*What to work on*
Once the line holding "Logo tshirt" is found in the entries below, restate it and each line after it word for word, with no pictures.

*Information*
:::

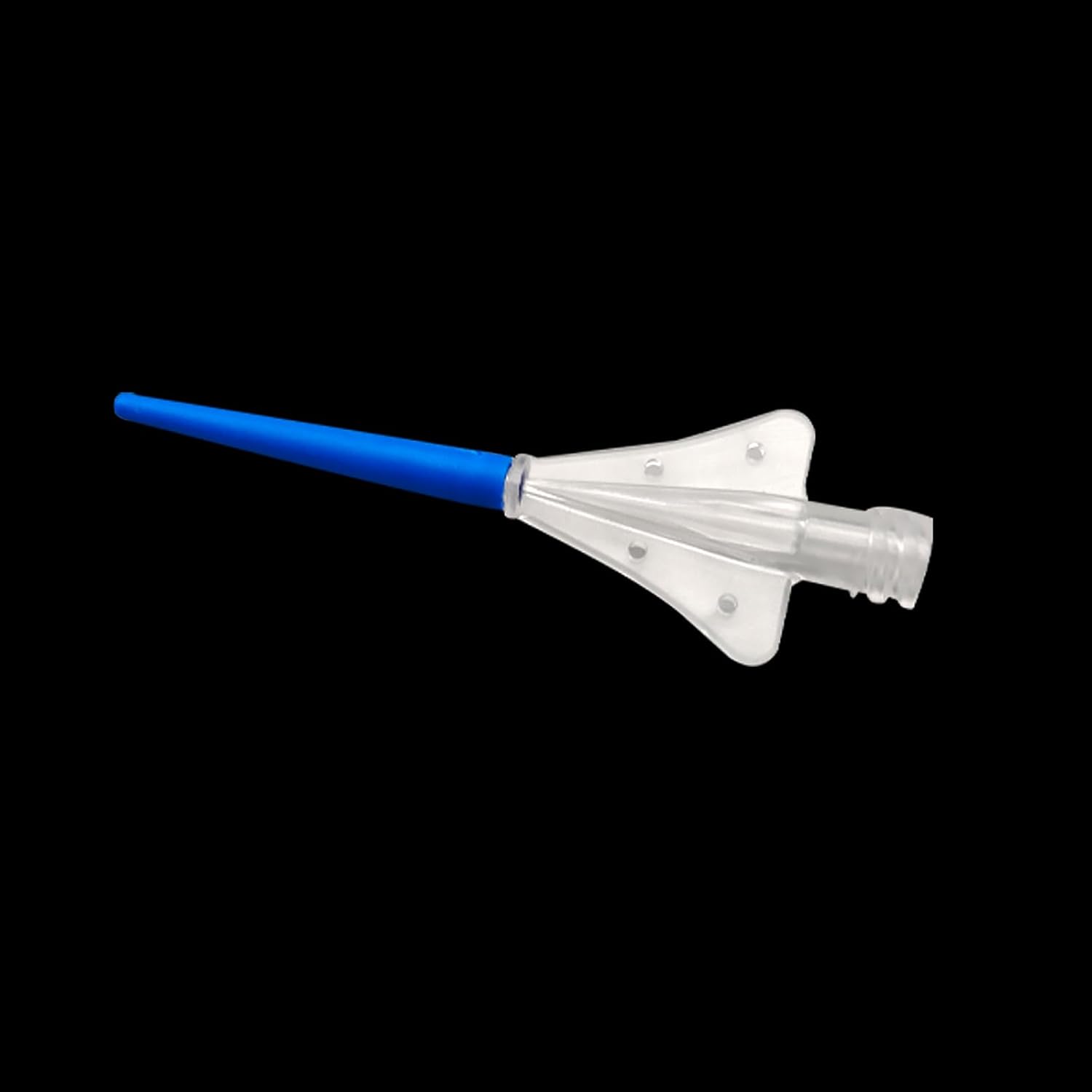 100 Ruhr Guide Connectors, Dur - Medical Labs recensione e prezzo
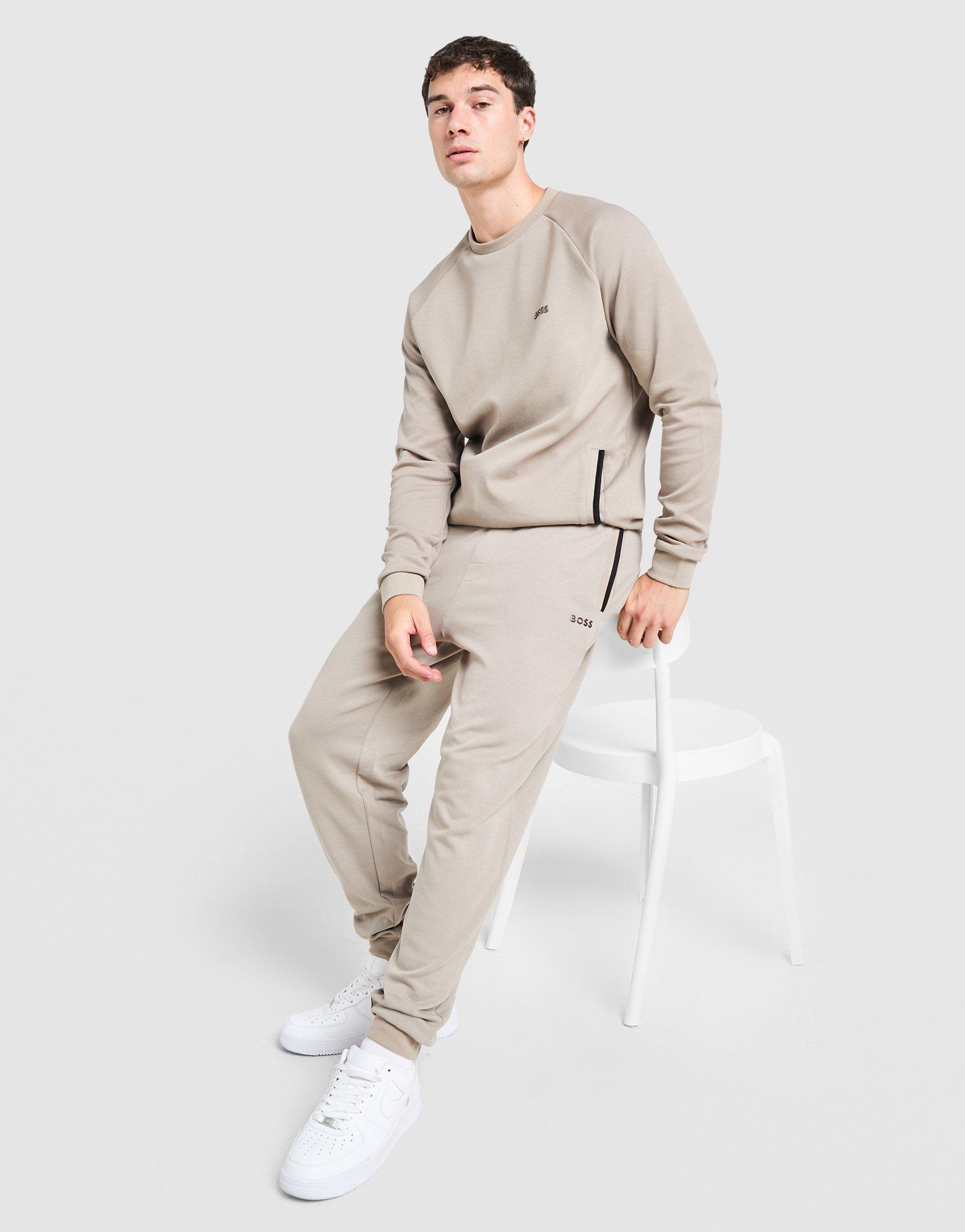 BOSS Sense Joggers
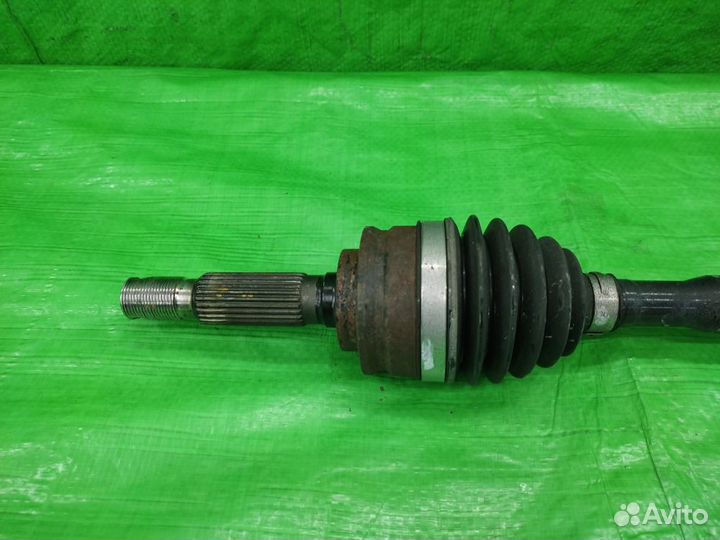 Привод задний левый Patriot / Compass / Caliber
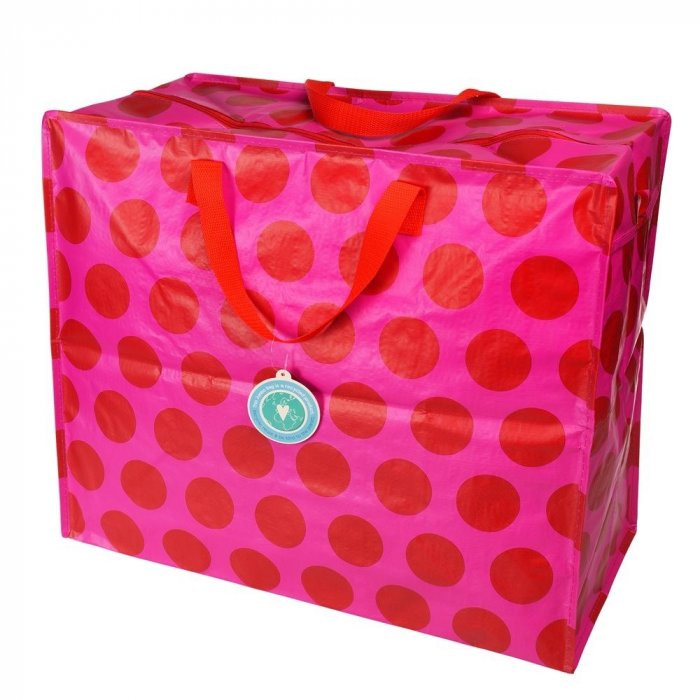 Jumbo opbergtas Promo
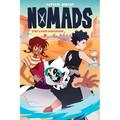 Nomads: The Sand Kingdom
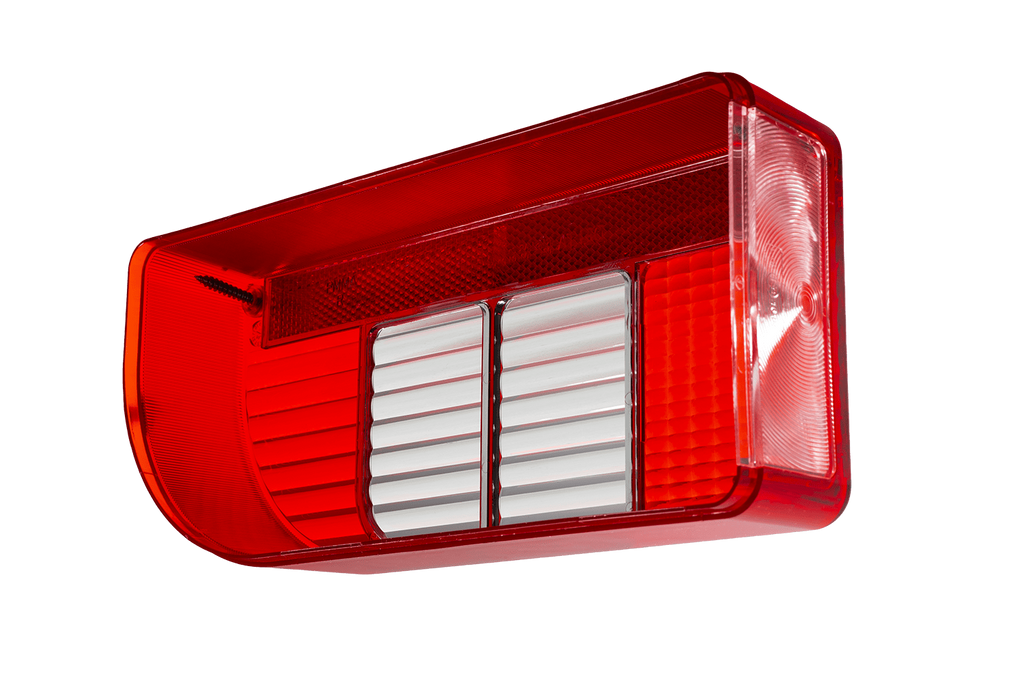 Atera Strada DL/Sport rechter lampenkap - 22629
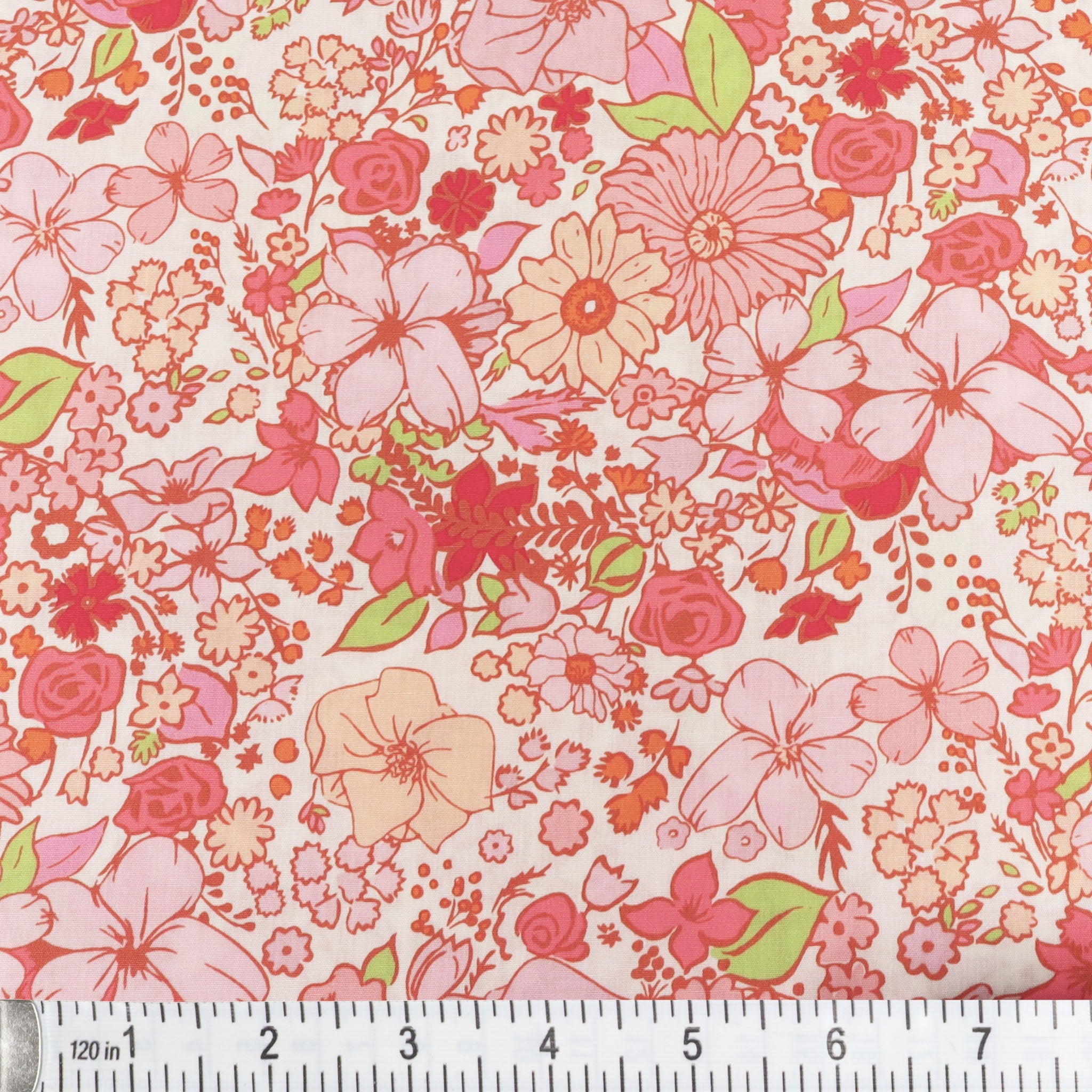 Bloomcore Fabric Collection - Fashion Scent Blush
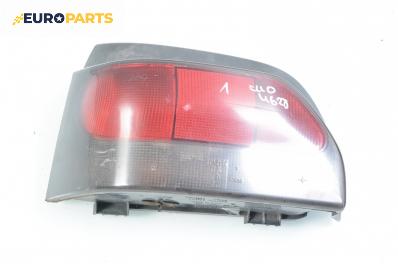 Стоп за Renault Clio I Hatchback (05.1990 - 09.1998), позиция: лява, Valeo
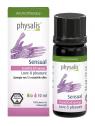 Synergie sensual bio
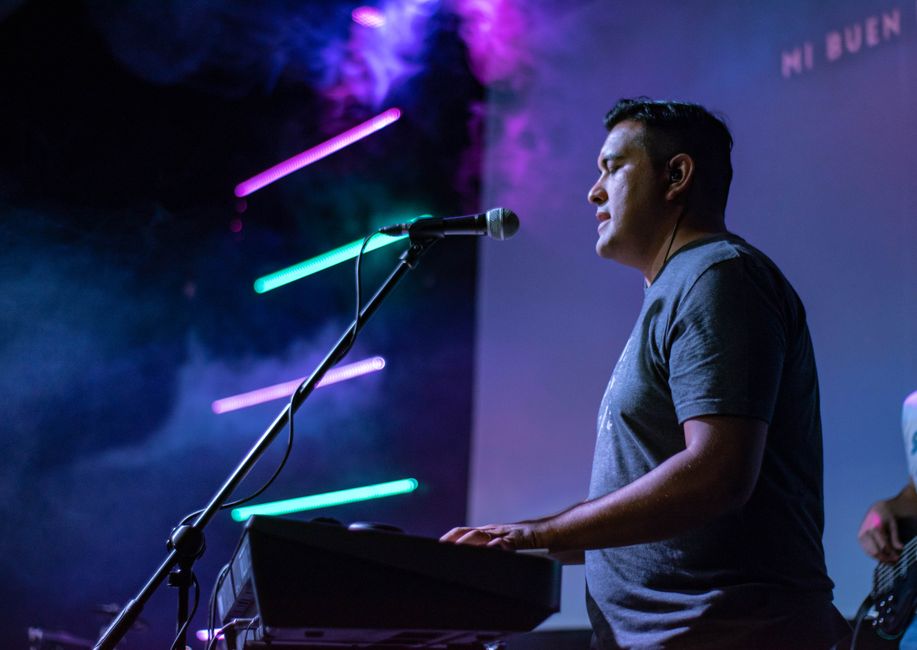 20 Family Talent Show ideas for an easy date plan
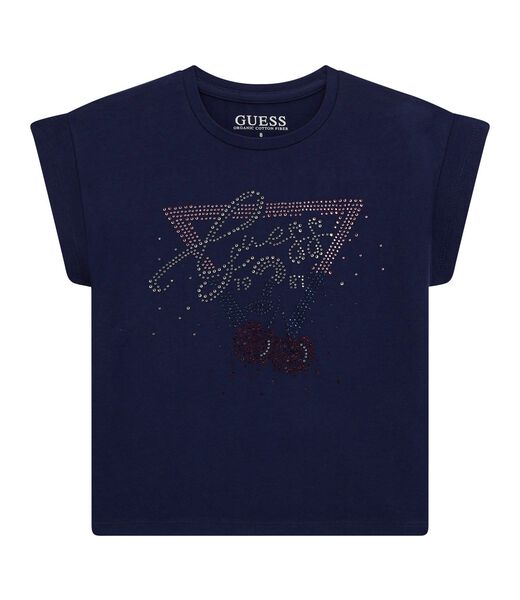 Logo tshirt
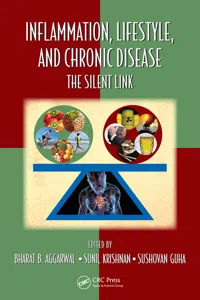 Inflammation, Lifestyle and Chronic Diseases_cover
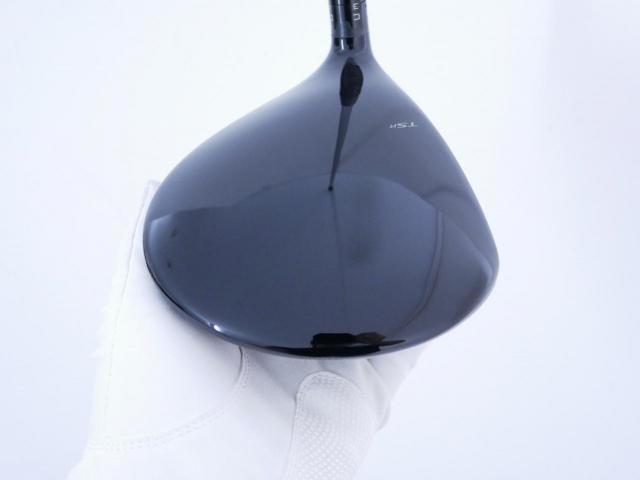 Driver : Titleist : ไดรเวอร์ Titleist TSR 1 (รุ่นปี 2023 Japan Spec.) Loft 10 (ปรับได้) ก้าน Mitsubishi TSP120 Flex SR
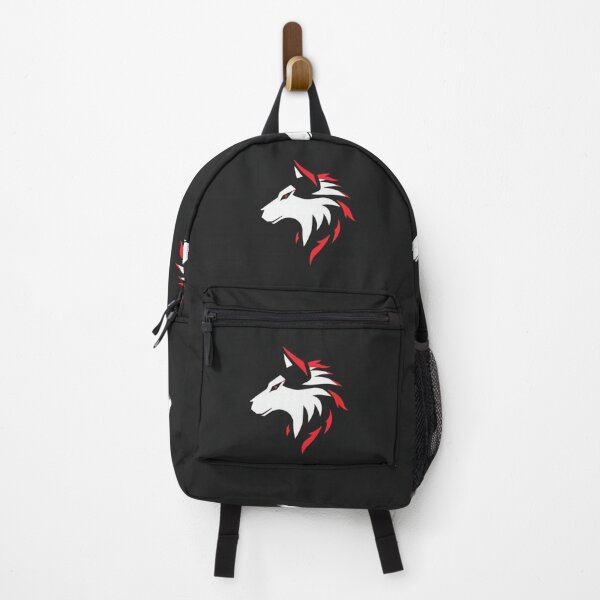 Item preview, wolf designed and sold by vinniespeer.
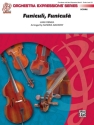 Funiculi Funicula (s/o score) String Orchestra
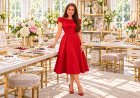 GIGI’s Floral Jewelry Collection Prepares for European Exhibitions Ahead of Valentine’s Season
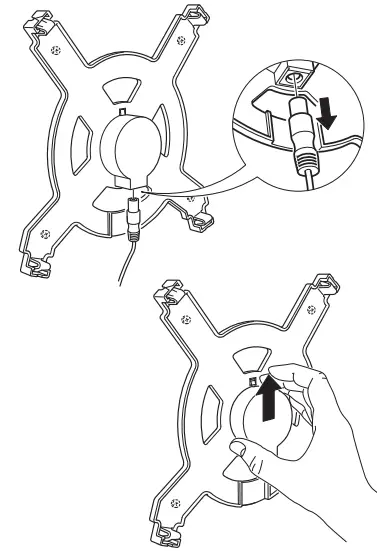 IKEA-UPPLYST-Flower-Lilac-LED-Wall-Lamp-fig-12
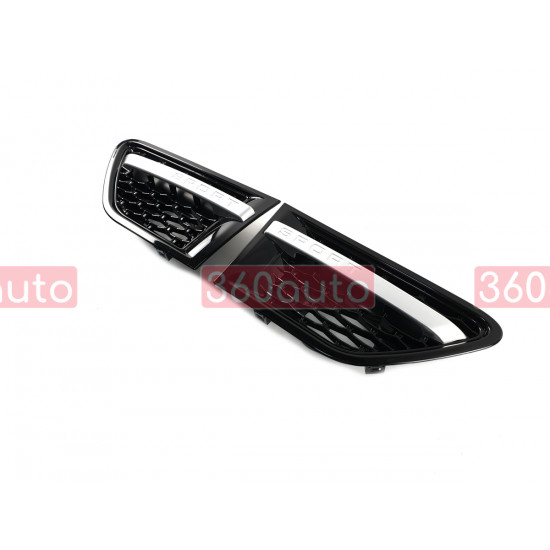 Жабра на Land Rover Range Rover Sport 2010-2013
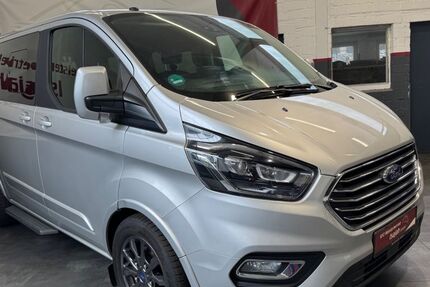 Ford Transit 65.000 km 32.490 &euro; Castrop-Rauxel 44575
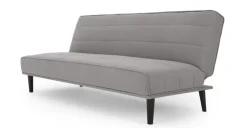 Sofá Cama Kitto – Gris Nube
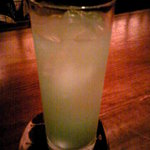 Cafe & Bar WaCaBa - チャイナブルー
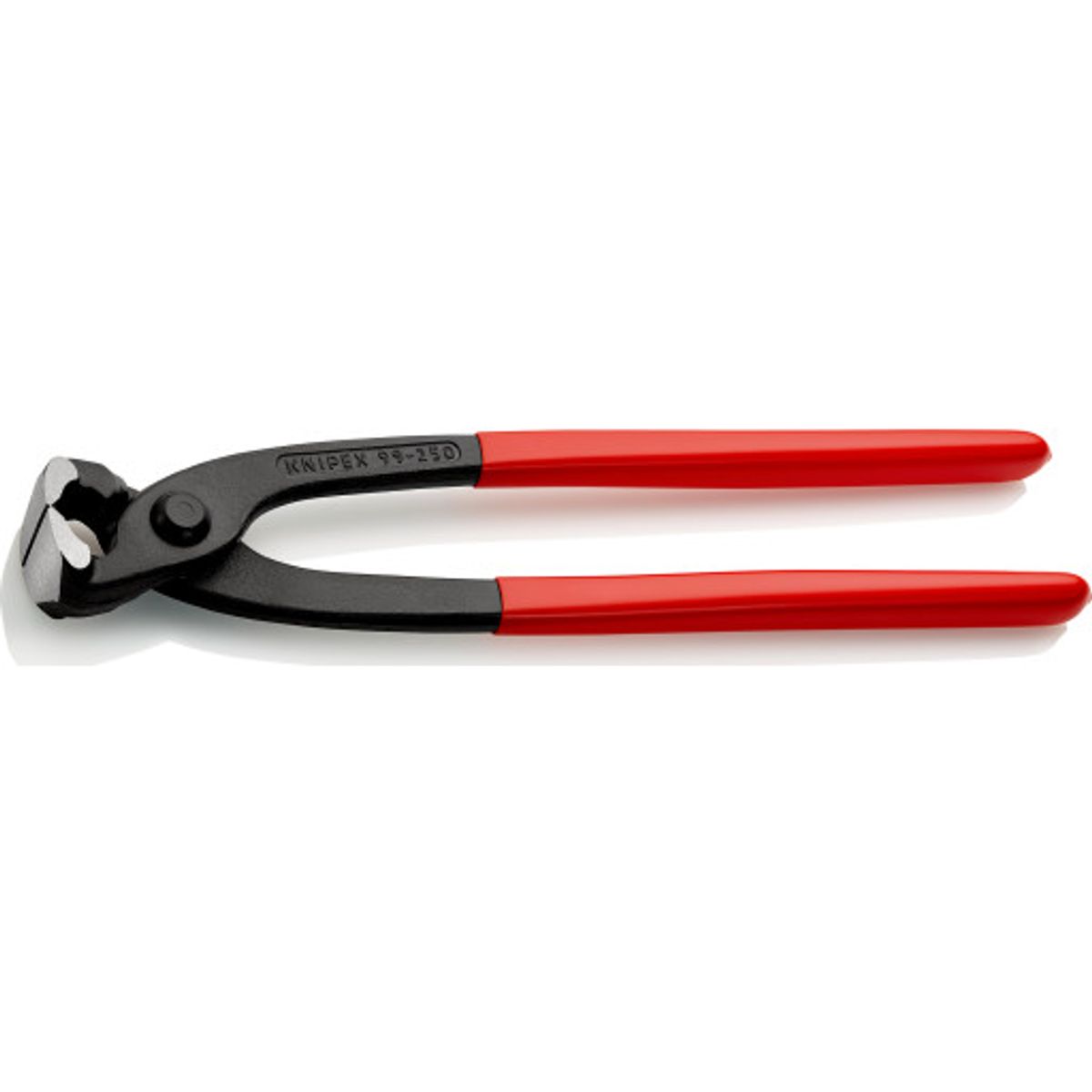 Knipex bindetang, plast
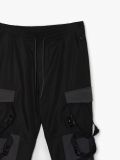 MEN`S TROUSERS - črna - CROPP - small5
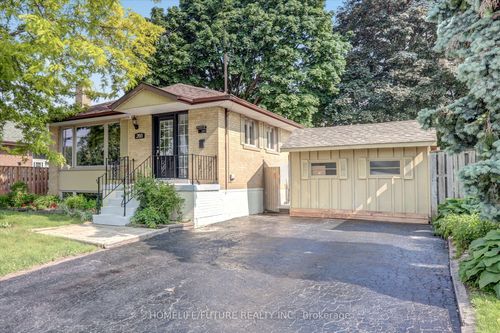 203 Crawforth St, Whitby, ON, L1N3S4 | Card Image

:::

*Result of this task*
 Logo tshirt
 Inflammation, Lifestyle and Chronic Diseases_cover
 Driver : Titleist : ไดรเวอร์ Titleist TSR 1 (รุ่นปี 2023 Japan Spec.) Loft 10 (ปรับได้) ก้าน Mitsubishi TSP120 Flex SR
 Item preview, wolf designed and sold by vinniespeer.
 Funiculi Funicula (s/o score) String Orchestra
 GIGI’s Floral Jewelry Collection Prepares for European Exhibitions Ahead of Valentine’s Season
 IKEA-UPPLYST-Flower-Lilac-LED-Wall-Lamp-fig-12
 Жабра на Land Rover Range Rover Sport 2010-2013
 Ford Transit 65.000 km 32.490 &euro; Castrop-Rauxel 44575
 Sofá Cama Kitto – Gris Nube
 Cafe & Bar WaCaBa - チャイナブルー
 Knipex bindetang, plast
 MEN`S TROUSERS - črna - CROPP - small5
 203 Crawforth St, Whitby, ON, L1N3S4 | Card Image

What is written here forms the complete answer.